When Sir Henry died in 1936, his will called for vesting all of the corporate shares in a new entity–the Wellcome Trust. The Trust’s charge was to devote all of its income to research in medicine and allied sciences and to the maintenance of research museums and libraries dedicated to these fields. Over the decades, the Trust has supported a vast array of biomedical research in the United Kingdom and other selected regions of the globe, and the Trust has grown to become the world’s largest charitable foundation devoted exclusively to the biomedical sciences.
In 1955, Sir Henry Dale, one of the Trust’s original trustees and its chair for 21 years, and William N. Creasy, president and chair of Burroughs Wellcome Co.-USA, envisioned a U.S. extension of the Wellcome Trust–and so was born the Burroughs Wellcome Fund, which would be supported by the U.S. company. Both men saw BWF as a natural extension of Henry Wellcome’s will and its intent, as well as an acknowledgment of his native land and the great success of the American branch of the Wellcome enterprise. For nearly 40 years as a corporate foundation, BWF focused its modest financial resources in selected areas to advance scientific knowledge.

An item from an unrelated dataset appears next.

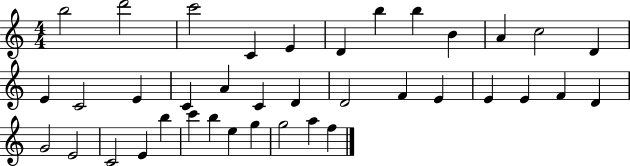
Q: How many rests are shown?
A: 0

In 1993, BWF received from the Wellcome Trust a $400 million gift that altered the Fund’s very nature. The gift enabled BWF to become a completely independent foundation, with no direct ties to its founding company. (Nor is BWF affiliated in any way with what has come to be GlaxoSmithKline.) BWF stands as an independent private foundation whose mission is to advance the medical sciences by supporting research and other scientific and educational activities. Aided by the Trust’s gift, BWF now pursues an enhanced role in biomedical research in the United States and has expanded its support to include Canada.

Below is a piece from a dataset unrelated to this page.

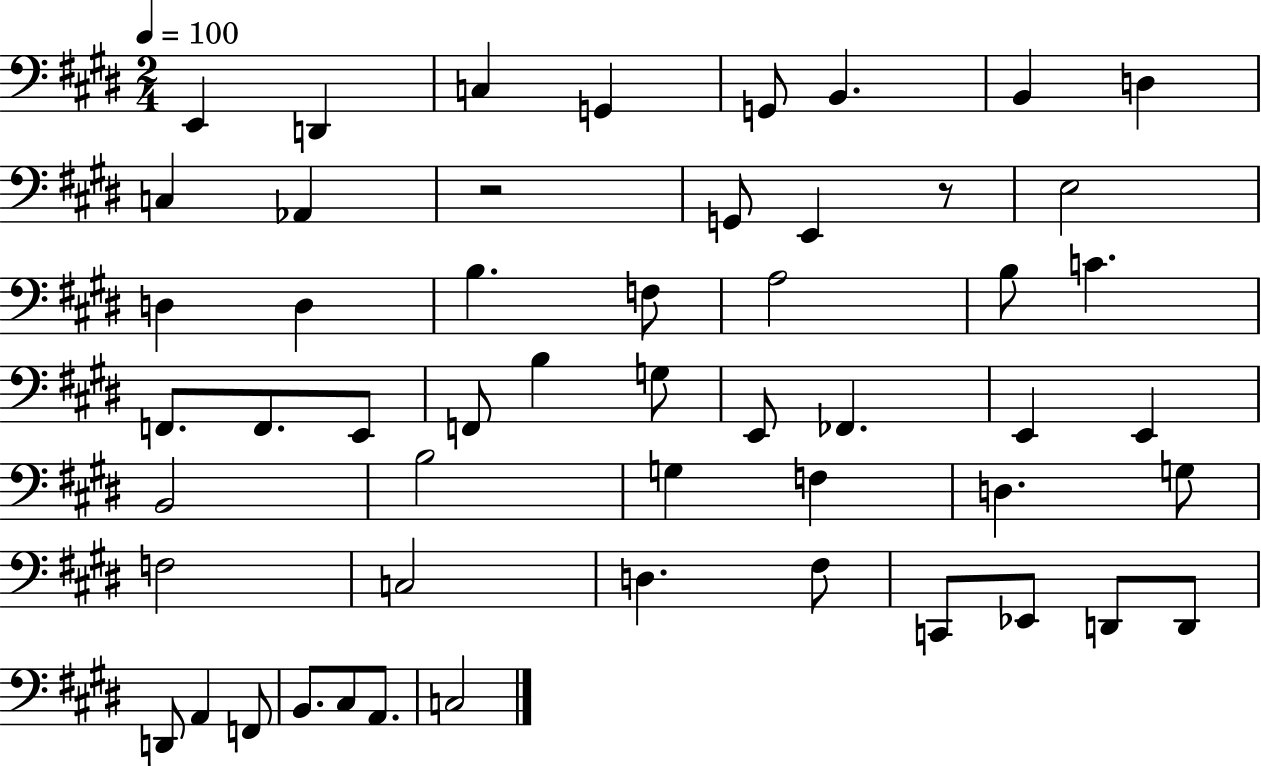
E2/q D2/q C3/q G2/q G2/e B2/q. B2/q D3/q C3/q Ab2/q R/h G2/e E2/q R/e E3/h D3/q D3/q B3/q. F3/e A3/h B3/e C4/q. F2/e. F2/e. E2/e F2/e B3/q G3/e E2/e FES2/q. E2/q E2/q B2/h B3/h G3/q F3/q D3/q. G3/e F3/h C3/h D3/q. F#3/e C2/e Eb2/e D2/e D2/e D2/e A2/q F2/e B2/e. C#3/e A2/e. C3/h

The list of individuals on both sides of the Atlantic who participated in instilling the Wellcome legacy in the Burroughs Wellcome Fund is a long one. William Creasy remained at BWF’s helm for more than a decade, guiding development of the Fund’s mission and scientific activities. William Dowling, who had developed the legal structure of the Fund, served as its chair from 1971 until 1974. George Hitchings, Ph.D., a Nobel laureate who spent most of his career with Burroughs Wellcome Co., served as BWF’s president from 1974 until 1990, and his leadership strongly reinforced the Fund’s belief in the essential link between basic research and practical applications in medicine. And Howard Schaeffer, Ph.D., a pioneering chemist who chaired BWF from 1991 until 1994, played a significant role in helping the Wellcome Trust carry out its gift to the Fund.
The importance of curiosity-driven research, as endorsed by Henry Wellcome in the early years of the century, continues to guide the Burroughs Wellcome Fund. BWF seeks to accomplish two primary goals through its programs: to help outstanding scientists early in their careers develop as independent investigators, and to advance fields in the basic medical sciences that are undervalued or in need of particular encouragement. In carrying out this work, BWF is governed by a Board of Directors composed of distinguished scientists and business leaders, and its competitive award programs are directed by advisory committees composed of leading researchers and educators.
Thus, more than a century after two enterprising American pharmacists set in motion their pioneering partnership, the Burroughs Wellcome Fund remains committed to the belief that fostering research by the best and brightest scientists offers the fullest promise for improving human health today and in the new millennium.